During the summer months when crawfish find their way off of menus throughout the Gulf Coast, the waters of the Gulf of Mexico become warm enough to cause blue crabs to come out from their hiding spots and begin growing. The typical blue crab season in Texas runs from late May through October depending on the temperature of the water and the temperament of the crab. Despite the visual, Texans don’t simply throw the crab on the pit and smoke them. Instead, BBQ crabs are dredged in BBQ seasoning then deep fried until the meat is sweet and tender.
The concept of BBQ crab began in the 1940s, but it was not until the 1970s when the Sartin’s family made them famous. Now, various iterations of the Texas specialty find favor from crab lovers and native Texans throughout the Gulf Coast region. BBQ crabs offer the best of both worlds – prime seafood and BBQ flavoring; all of the makings of a great Texas tradition. While there are a number of restaurants that may be local favorites, the following locations have been serving up the succulent goodness for years and constantly find their way onto the winner’s podium during the season.
1) Sartin’s Seafood (Beaumont, Texas; Nederland, Texas).
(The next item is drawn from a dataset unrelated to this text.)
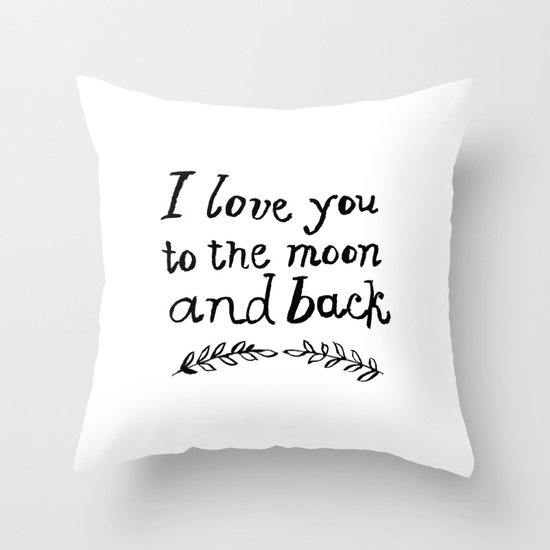 To the Moon and Back- White Throw Pillow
Sartin’s is a tradition seemingly as old as Texas. In the old days during the summer months, parents would strap their kids into the backseat of the family car and make the one hour drive to the latest and greatest Sartin’s restaurant for the all you can eat BBQ crab platter. That tradition continues today. Although various branches of the Sartin’s family (and in-laws) have opened a number of restaurants through the years, one thing that has escaped the family drama is the flavor of the BBQ crabs. Regardless of the location, Sartin’s offers the BEST flavor and the best value for your money. Depending on the location, the AYCE platter is only offered on certain days (including weekends) and ensures that you will be happy and full when you leave. BEWARE: everyone at the table must order the $25.00 platter, so make sure your party is hungry when you get there. In fact, make this your first stop. What makes Sartin’s the leader in BBQ crab preparation is its consistency. Also, the accompaniments served with the platters are equally as good as the crabs themselves. Do not skip Sartin’s if you are looking to go on the Tour de Crab this summer. You will miss out on a legend if you do.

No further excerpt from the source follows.